OK, here's my guess on this tricycle after checking the photos more carefully. I think this is two trikes put together by someone who did like to do metal work. The rear wheels, frame, head tube with the G on it are all part of a later model Garton tricycle. That round piece sticking up between the handles is where the original handlebar connected. I believe I see the hole still in it where the collar bolt was attached. Looks like a length of the original front wheel shaft was retained and attached to the two flat metal pieces at top and bottom of the head tube to hold the replacement handles to the original frame. The handlebars are from some other newer style trike. The front wheel and pedal assembly may or may not be original to it - possibly from whatever trike the handles came from. Those red plastic caps are actually pushnuts to hold the wheels on the axle.

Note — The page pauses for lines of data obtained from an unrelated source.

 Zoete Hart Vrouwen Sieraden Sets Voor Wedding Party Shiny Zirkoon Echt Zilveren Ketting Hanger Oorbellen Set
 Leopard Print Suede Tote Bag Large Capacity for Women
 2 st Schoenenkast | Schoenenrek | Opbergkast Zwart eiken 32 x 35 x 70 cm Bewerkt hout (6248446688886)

I can see them on the pedal cranks too, to hold the pedals in place. You can get them in most hardware stores, in the fasteners section. The seat also may or may not be original to the trike since the level of rust is much less than the trike frame, unless you've already worked on cleaning the seat to make it less rusty. That's my take on what you have. There's another tricycle site - www.tricyclefetish.com - where you could submit your photo to their blog for another opinion on what you have. The site owner is pretty good at ID-ing trikes. Hope this helps a little. 

Dave


----------



## Keyt427 (Oct 7, 2011)

*Thank you!*

Thank you! That is far more information than I had when I found this site last night. I never thought of it possibly being a combination of trikes! I will look for the plastic caps at some hardware stores. Thank you so much! Wish me luck as I try to get all of the rust off. The pics I posted were taken before I even touched it, as it was found in the barn. I will definitely keep this site for future reference and ideas!!!


----------



## ridingtoy (Oct 7, 2011)

No problem! You can also do a search of the site for rust removal topics. I know different methods have been discussed just in the last year. I wish you success in your restoration project. I've got a couple rusty trikes to tackle myself when time permits. My wife swears I'll never get to them, so you know I have to prove her wrong on that count! 

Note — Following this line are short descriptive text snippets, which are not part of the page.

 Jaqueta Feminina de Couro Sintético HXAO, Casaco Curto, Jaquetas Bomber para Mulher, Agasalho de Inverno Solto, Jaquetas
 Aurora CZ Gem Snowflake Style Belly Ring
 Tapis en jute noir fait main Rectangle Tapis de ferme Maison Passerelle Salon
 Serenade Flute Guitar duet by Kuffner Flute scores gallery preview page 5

Let me know if you have trouble finding those push nuts...I might have another source to check here at work.

Dave


----------



## Keyt427 (Oct 7, 2011)

*I know what you mean!*

You have to prove your wife wrong...and I have to prove my boyfriend wrong! lol. He's the metal worker around here and when I said I wanted to fix that trike for my friend, I got the stink eye because I'm good at volunteering him to do big projects. So this time I opened my mouth by saying "I can do this one!". Now I really have to haha


----------



## ridingtoy (Nov 23, 2011)

ridingtoy said:


> OK, here's my guess on this tricycle after checking the photos more carefully. I think this is two trikes put together by someone who did like to do metal work.




I hereby make a retraction on that comment. Here's another trike photo I just came across on Flickr which has a similar designed head tube and combo handlebar/fork made out of tubular steel: http://www.flickr.com/photos/jimmyscrumbs/3911325949/

Maybe from the same maker?

Dave


----------



## bobsbikes (Nov 23, 2011)

*tricycle parts*



Keyt427 said:


> Well, I'm new here and I'm hoping someone can help me!
> 
> This summer my boyfriend and I were taking down some barn wood at my best friend's house. My friend bought a very large farmhouse with a large collapsing barn and 4 outbuildings. Since she bought the place, the barn has pretty much collapsed, so since my boyfriend and I build things with old wood, we were there to take some before it was beyond use. That was when I noticed 2 trikes. One was beyond saving, then there was another one that was pretty much solid, just very rusty.
> 
> ...



ebay item no 290343349037 trike parts kit


----------